#### Problem
Using the data below, set down every line from the one containing "Rieker Y0756 - 00" through the one containing "Leopard Print V", inclusive and unchanged. Pictures are to be skipped.

#### Records provided
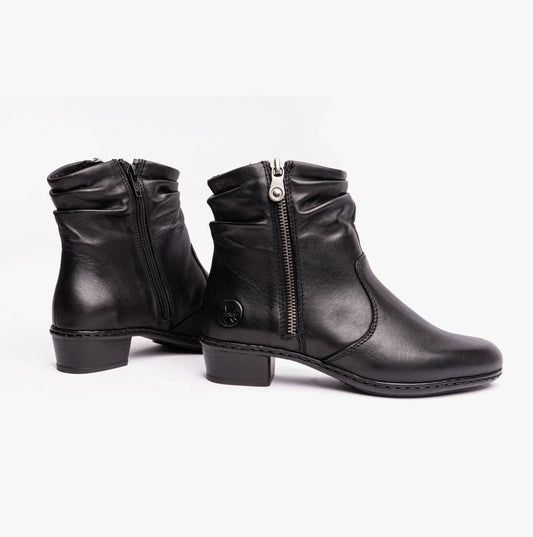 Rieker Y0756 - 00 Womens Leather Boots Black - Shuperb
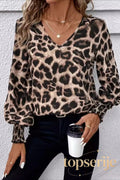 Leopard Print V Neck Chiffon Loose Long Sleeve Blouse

* * *

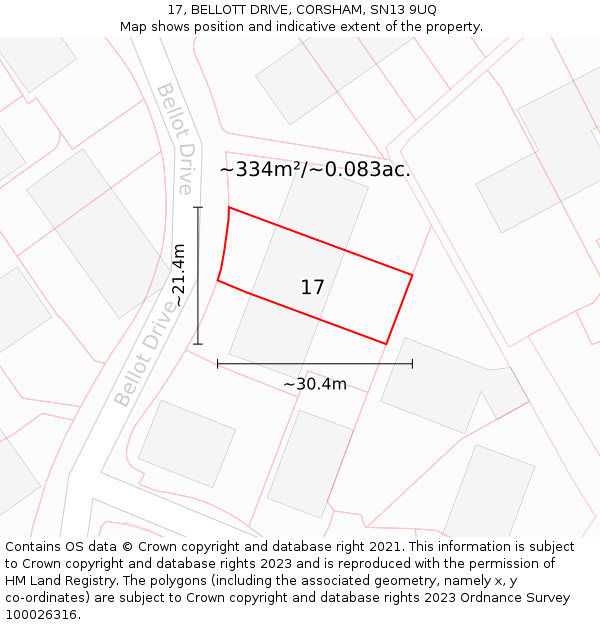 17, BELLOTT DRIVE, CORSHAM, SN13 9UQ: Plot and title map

#### Result of this task
 Rieker Y0756 - 00 Womens Leather Boots Black - Shuperb
 Leopard Print V Neck Chiffon Loose Long Sleeve Blouse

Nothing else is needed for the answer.